In many cases, however, these parents didn’t have positive upbringings themselves, and they were just grown children trying to work through negativity and control placed on them when they were younger.
Even after we grow up and go out into the world on our very own adventures, we often bring those words with us whether we like it or not. Try as hard as we may, the imprinting words of insensitive parents can follow us for decades. The words reverberate inside our own heads as the story we tell ourselves about who we are, about what we deserve, and about what we’re capable of.
In my own journey from a tumultuous childhood, I’ve had to cultivate self worth and positive self talk very much on my own. The one thing that forced me into more therapy than normal humans could ever handle was being an imperfect parent myself.
But I look at these children and I see that, even though I was imperfect, I broke a very damaging cycle and did so very imperfectly. All I could do was what I could at the time. But the one thing I did was approach parenting with presence. Being present as much as I could in the moments that mattered meant that I had to be vulnerable. I had to apologize. I had to be honest and transparent and let them know I didn’t have all of the answers.
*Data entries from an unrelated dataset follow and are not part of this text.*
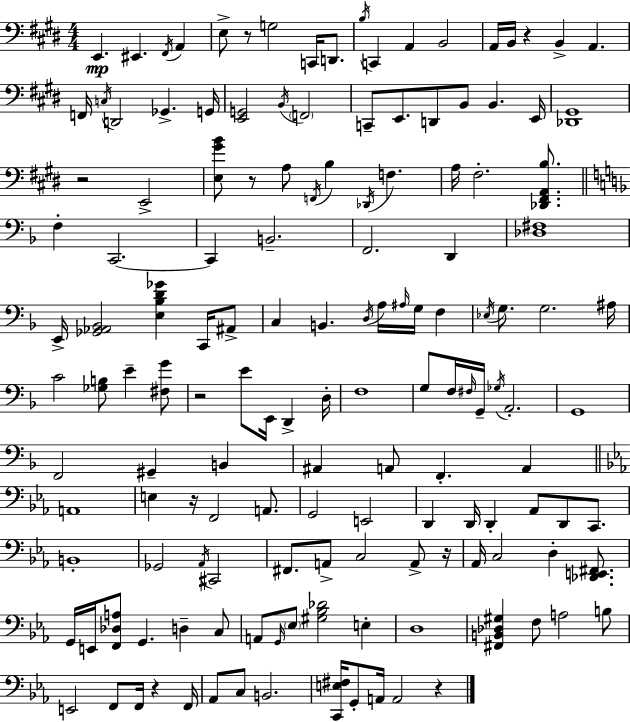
X:1
T:Untitled
M:4/4
L:1/4
K:E
E,, ^E,, ^F,,/4 A,, E,/2 z/2 G,2 C,,/4 D,,/2 B,/4 C,, A,, B,,2 A,,/4 B,,/4 z B,, A,, F,,/4 C,/4 D,,2 _G,, G,,/4 [E,,G,,]2 B,,/4 F,,2 C,,/2 E,,/2 D,,/2 B,,/2 B,, E,,/4 [_D,,^G,,]4 z2 E,,2 [E,^GB]/2 z/2 A,/2 F,,/4 B, _D,,/4 F, A,/4 ^F,2 [_D,,^F,,A,,B,]/2 F, C,,2 C,, B,,2 F,,2 D,, [_D,^F,]4 E,,/4 [_G,,_A,,_B,,]2 [E,_B,D_G] C,,/4 ^A,,/2 C, B,, D,/4 A,/4 ^A,/4 G,/4 F, _E,/4 G,/2 G,2 ^A,/4 C2 [_G,B,]/2 E [^F,G]/2 z2 E/2 E,,/4 D,, D,/4 F,4 G,/2 F,/4 ^F,/4 G,,/4 _G,/4 A,,2 G,,4 F,,2 ^G,, B,, ^A,, A,,/2 F,, A,, A,,4 E, z/4 F,,2 A,,/2 G,,2 E,,2 D,, D,,/4 D,, _A,,/2 D,,/2 C,,/2 B,,4 _G,,2 _A,,/4 ^C,,2 ^F,,/2 A,,/2 C,2 A,,/2 z/4 _A,,/4 C,2 D, [_D,,E,,^F,,]/2 G,,/4 E,,/4 [F,,_D,A,]/2 G,, D, C,/2 A,,/2 G,,/4 _E,/2 [^G,_B,_D]2 E, D,4 [^F,,B,,_D,^G,] F,/2 A,2 B,/2 E,,2 F,,/2 F,,/4 z F,,/4 _A,,/2 C,/2 B,,2 [C,,E,^F,]/4 G,,/2 A,,/4 A,,2 z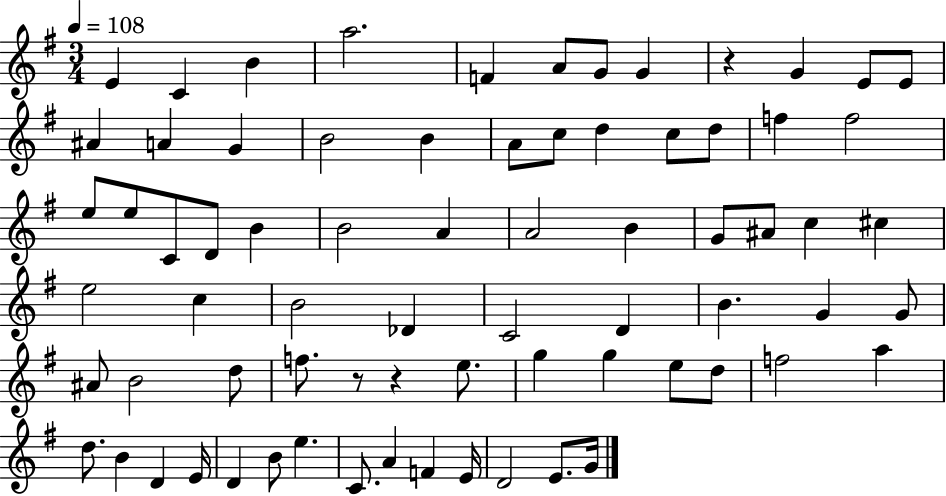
X:1
T:Untitled
M:3/4
L:1/4
K:G
E C B a2 F A/2 G/2 G z G E/2 E/2 ^A A G B2 B A/2 c/2 d c/2 d/2 f f2 e/2 e/2 C/2 D/2 B B2 A A2 B G/2 ^A/2 c ^c e2 c B2 _D C2 D B G G/2 ^A/2 B2 d/2 f/2 z/2 z e/2 g g e/2 d/2 f2 a d/2 B D E/4 D B/2 e C/2 A F E/4 D2 E/2 G/4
It seems to have worked, for the most part. Sure, there are regrets of wishing I spent more time with them. But I at least have a sense of peace that I know I broke cycles of emotional abuse and I did right by them, as much as I could.
And even still, though I’ve worked very hard to change how I talk to myself, I still find times where I compartmentalize others’ behavior and make excuses for it when I probably shouldn’t.
There are so many examples where the words people heard when they were younger left scars, where a parent or teacher or coach said things that left permanent wounds that they continue to unconsciously attempt to resolve in present-day relationships. And while those parents/teachers may no longer be in their lives, the damaging words carry forward in their minds. They don’t mean to hurt the people around them, but their inability to make sense of what happened when they were younger gets acted out as their psyche attempts to resolve unresolved mental trauma.
As such, I use these experiences to learn and to better myself. In the end, the only thing we can control is our reaction to events and situations. So by using all experiences as an impetus for self improvement, at least we can take difficult situations and turn them into self growth.
So, let’s change our words. I’m by no means more than a mere armchair psychologist, so take it all with a grain of salt.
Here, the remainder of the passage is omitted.